I'VE NOTICED SOMETHING ABOUT MYSELF

David Limrite-Artist, Coach, Mentor, Teacher

I've noticed something about myself. Perhaps you deal with this yourself.

I've noticed that when I finish a piece, or at least declare to myself that it is finished, I go through a bit of down time and have trouble starting another piece.

I find this rather annoying and frustrating.

In my case, it is not for lack of ideas. I have more of those than I can create in a lifetime.

So, what is it?

I try to have several pieces going at once and at various stages of completion so that I always have something in process to work on. I think this a great idea and one you may want to consider for yourself if you are not already doing so.

However, invariably, I find myself finishing all of these pieces and sometimes forget to start something new. Because of this oversight, I often find myself with a studio full of blank canvases and empty sheets of paper. This problem I understand and realize that it is totally within my control. Blank canvases don't scare me so much and, yet, there they are. I tell myself that I can handle a blank canvas.

The real issue for me is that I have been working really hard for months now with great enthusiasm and momentum creating all new pieces for my upcoming exhibit at the San Luis Obispo Museum of Art. And all of a sudden, I find myself unable to begin some new pieces. As a matter of fact, I have two pieces going in the studio right now that I could just walk in and continue working on. I also have ideas for seven more pieces. Imagine that! I know!

So, what am I complaining about? What is my problem?
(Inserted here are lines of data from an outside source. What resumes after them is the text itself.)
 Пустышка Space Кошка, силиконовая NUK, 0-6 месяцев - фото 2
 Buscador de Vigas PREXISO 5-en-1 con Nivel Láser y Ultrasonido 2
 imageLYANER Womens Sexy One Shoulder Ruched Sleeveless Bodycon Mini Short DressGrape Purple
I have thought and thought about this. I am still excited and enthusiastic about what I am doing and I am looking forward to working on and bringing to fruition those next seven pieces.

So, what gives?

I finally realized that I have been over thinking this. I JUST NEED A BREAK! I have been working really hard. It doesn't have to be a long break. One, two, three days, maybe. Making good art is difficult and exhausting, especially if you are serious about it. I just need to take a breather, get away from the work and rejuvenate myself for the next round of creativity. Even as I say these words, I feel better.

It is the same as stepping back from a painting, while it is in process, to see what you have done, to check out the red background you just painted to see if it is working or to see if darkening that cast shadow made a difference or not.

I'm sure I am like many of you. We work so hard. We push through our exhaustion. We are so hard on ourselves. We have such high standards for ourselves and our art. We don't give ourselves a break from time to time.

Taking time to step back, asses what we have accomplished, plan for where we want to go next and take stock of ourselves mentally and physically is just as important as working hard and creating enthusiastically.

I know that if I continued to work and never took a break, that I would not be at the peak of my productivity anymore and the quality of the work would suffer. That would not be good.

By the time you read this I will have had my break, which lasted four days, and I am back out in the studio working with new found energy and enthusiasm.

Just like everything else, there needs to be balance to be productive and successful.

What has been your experience with this and what have you done to restore balance?